Event in a spark-ignition engine

Pre-ignition (or preignition) in a spark-ignition engine is premature ignition of the air/fuel mixture in the cylinder, before the spark plug fires. Pre-ignition is initiated by an ignition source other than the spark, such as hot spots in the combustion chamber, a spark plug that runs too hot for the application, or carbonaceous deposits in the combustion chamber heated to incandescence by previous combustion events. It is technically a different phenomenon from engine knocking, which refers to uneven combustion caused by displaced or multiple ignition fronts, though knocking often follows pre-ignition.

The phenomenon is also referred to as 'after-run' or 'run-on', or sometimes dieseling, when it causes the engine to continue running even after the ignition is shut off. This effect is more readily achieved on carbureted gasoline engines, because the fuel supply to the carburetor is typically regulated by a passive mechanical float valve and fuel delivery can feasibly continue until fuel line pressure has been relieved, provided the fuel can be somehow drawn past the throttle plate. The occurrence is rare in modern engines with throttle-body or electronic fuel injection, because the injectors will not be permitted to continue delivering fuel after electric power to the engine is shut off, and any occurrence may indicate the presence of a leaking (failed) injector.

In the case of highly supercharged or high-compression multi-cylinder engines, pre-ignition can quickly melt or burn pistons since the power generated by other still-functioning pistons will force the overheated ones along no matter how early the mix pre-ignites. Many engines have suffered such failure where improper fuel delivery is present. Often one injector will clog while the others carry on normally, allowing mild detonation in one cylinder that leads to serious detonation, then pre-ignition.
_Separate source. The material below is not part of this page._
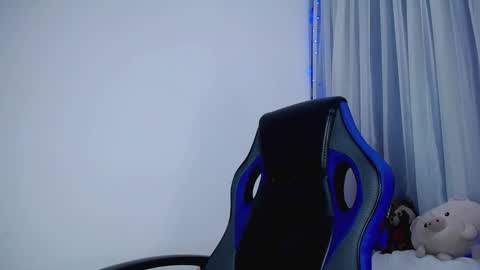Snapshot of cleopatra_cute chatting on October 21, 2025, 2:45 am  Nicol  online show from October 21, 2025, 2:45 am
The challenges associated with pre-ignition have increased in recent years with the development of highly boosted and "downspeeded" spark-ignition engines. The reduced engine speeds allow more time for autoignition chemistry to complete, thus increasing the possibility of pre-ignition and so called "mega-knock". Under these circumstances, there is still significant debate about what precisely causes the pre-ignition event.

Pre-ignition and engine knock both sharply increase combustion chamber temperatures. Consequently, either effect increases the likelihood of the other effect occurring, and both can produce similar effects from the operator's perspective, such as rough engine operation or loss of performance due to operational intervention by a powertrain-management computer. For reasons like these, the terms are often confused and sometimes used interchangeably. Given proper combustion chamber design, pre-ignition can generally be eliminated by proper spark plug selection, proper fuel/air mixture adjustment, and periodic cleaning of the combustion chambers.

==Causes of pre-ignition==
Causes of pre-ignition include the following:
- Carbon deposits form a heat barrier and can be a contributing factor to pre-ignition. Other causes include: An overheated spark plug (too hot a heat range for the application). Glowing carbon deposits on a hot exhaust valve (which may mean the valve is running too hot because of poor seating, a weak valve spring or insufficient valve lash)
- A sharp edge in the combustion chamber or on top of a piston (rounding sharp edges with a grinder can eliminate this cause)
- Sharp edges on valves that were reground improperly (not enough margin left on the edges)
- A lean fuel mixture or excessive amount of oxygen in the combustion chamber
- An engine that is running hotter than normal due to a cooling system problem (low coolant level, slipping fan clutch, inoperative electric cooling fan or other cooling system problem)
- Auto-ignition of engine oil droplets (Can be solved by using an oil catch tank)
- Insufficient oil in the engine
- Ignition timing too far advanced
- Too much air/too little fuel (octane) to withstand pressures (too much air causes too much pressure for the octane to handle, too little fuel reduces the octane to handle the pressurized air)

==Detonation induced pre-ignition==

Because of the way detonation breaks down the boundary layer of protective lubricant surrounding components in the cylinder, such as the spark plug electrode, these components can start to get very hot over sustained periods of detonation and glow. Eventually this can lead to the far more catastrophic pre-Ignition as described above.

While it is not uncommon for an automobile engine to continue on for thousands of kilometers with mild detonation, pre-ignition can destroy an engine in just a few strokes of the piston.